• **PROBLEM TO SOLVE**
An exact copy of all the data is required, with pictures left out.

• **DATA SECTION**

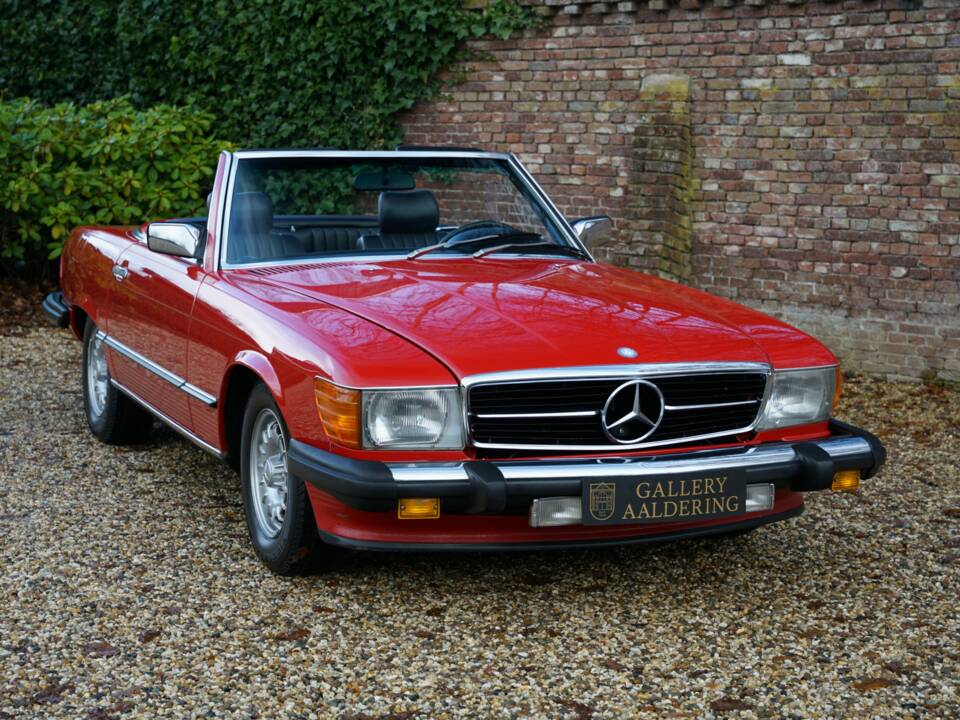Bild 47/50 von Mercedes-Benz 500 SL (1983)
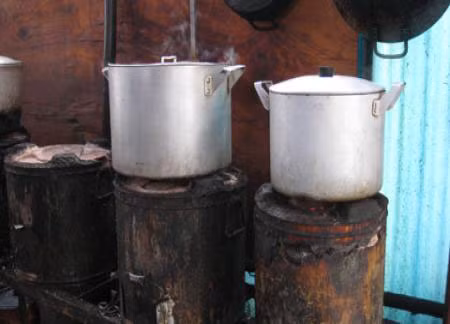 Rất nhiều hàng quán dùng bếp than tổ ong.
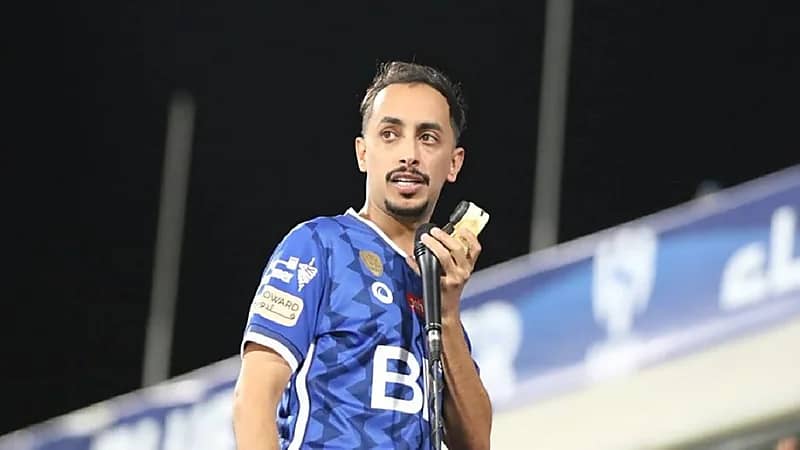 محمد العفيفي يعلن نهاية علاقته بنادي الهلال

• **WRITTEN RESPONSE**
Bild 47/50 von Mercedes-Benz 500 SL (1983)
 Rất nhiều hàng quán dùng bếp than tổ ong.
 محمد العفيفي يعلن نهاية علاقته بنادي الهلال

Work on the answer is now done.